Conceito revolucionário: Thanos era apaixonado pela Morte. |
Caras como Jim Starlin, Steve Englehart e Frank Brunner
andavam por Nova York fumando machonha, tomando LSD e criando histórias
revolucionárias.
Jim Starlin aproveitou o conceito de Eros e Thanatos de
Freud e criou Thanos, um personagem muito mais interessante que a versão
cinematográfica. Nos quadrinhos ele é apaixonado pela morte e quer matar metade
da população do universo como uma forma de tributo.
Englehart levou o Doutro Estranho a limites nunca
alcançados, com histórias que refletiam diretamente Alice no país das
Maravilhas.
O Doutor Estranho ganhou histórias lisérgicas, que brincavam com personagens de Alice no País das Maravilhas. |
Aí veio Jim Shooter e Guerras Secretas.
Guerras Secretas foi totalmente pensada pelo departamento de
marketing da Marvel até no título: Guerras e secretas eram as palavras que mais
chamavam a atenção nas pesquisas de mercado. Jim Shooter acreditava que
mudanças radicais nos personagens aumentariam as vendas – e o departamento de
marketing concordava (é famosa a proposta dele de transformar Tony Stark num
mendigo – só não foi em frente porque o roteirista não topou).
Se Guerras Secretas tivesse sido um fracasso, tudo
continuaria como era antes no quartel de Abrantes. Mas Guerras Secretas foi um
sucesso.
Então, pensaram os executivos, o segredo do sucesso era
fazer alterações radicais nos personagens e histórias guiadas por pesquisas de
mercado (que nem sempre eram feitas com fãs de quadrinhos).
Dessa forma, se as pesquisas mostravam que as pessoas
achavam interessante transformar o Capitão América em uma girafa, vamos
transformar o Capitão América numa girafa!
Isso também marcou uma mudança na estrutura da Marvel: os
roteiristas deixaram de ser editores e perderam controle criativo dos títulos.

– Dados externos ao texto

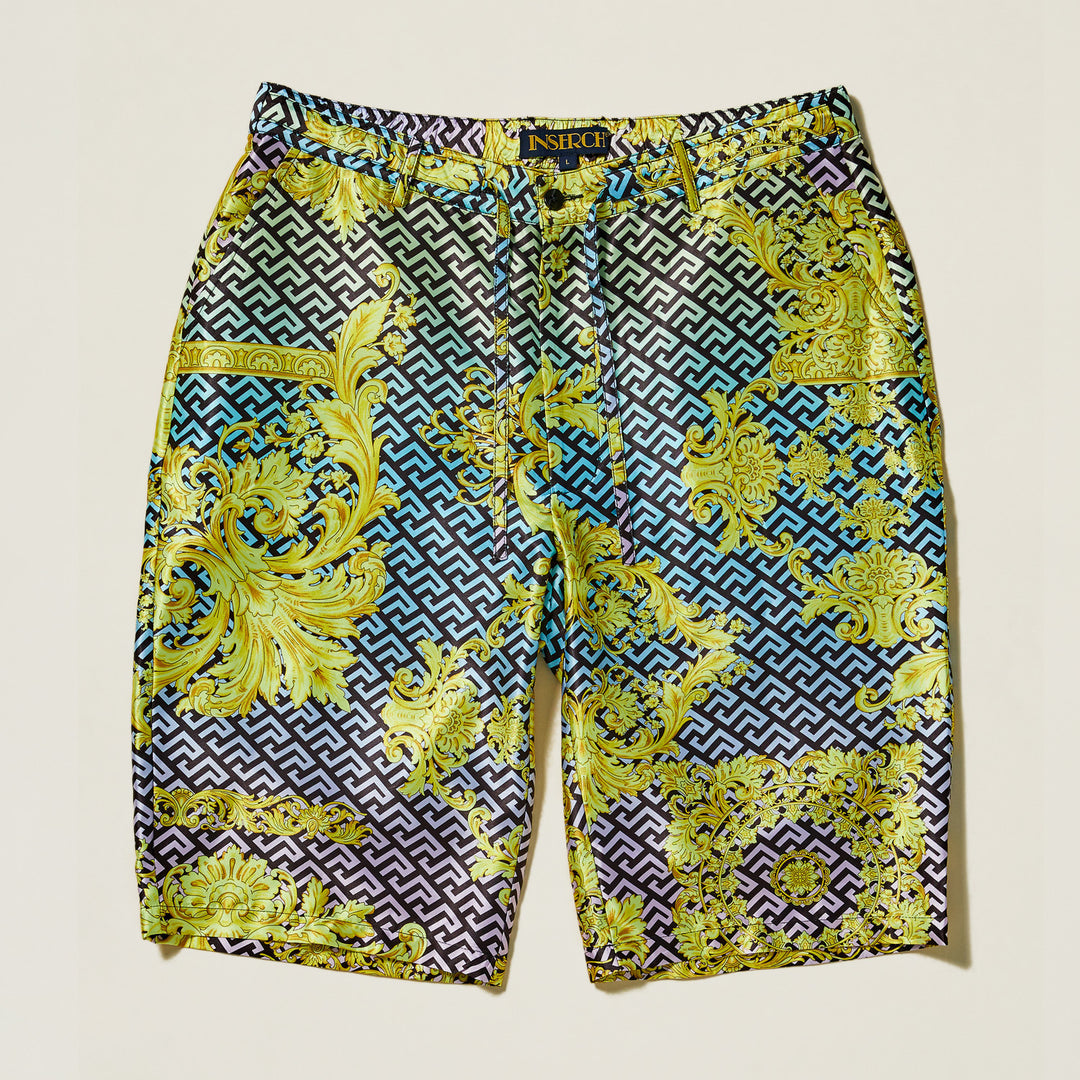 The Inserch Grecian Print Shorts ST053-00066 Multi by Inserch feature a regular fit and drawstring waist, showcasing a bold yellow and gold baroque Grecian print over a blue and black geometric background.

Enquanto isso, na DC, os artistas estavam ganhando liberdade
total para trabalhar seus títulos. Frank Miller teve liberdade total em
Cavaleiro das Trevas e Batman ano um. John Byrne estava tendo liberdade total
para reformular o Super-homem. Alan Moore estava escrevendo Watchmen, Monstro
do Pântano. Surgiu o selo Vertigo.
Ou seja: embora a Marvel continuasse vendendo bem
(principalmente graças ao trabalho feito pelos artistas da Era de Bronze), era
a DC que tinha se transformado na Casa da Ideias.
Embora a Marvel tenha tido algumas boas iniciativas de
liberdade criativa (como Marvels), a semente plantada em Guerras Secretas
continua até hoje: as histórias são pensadas pelo departamento de marketing e
pelo impacto que elas provocariam no público, e não por criadores.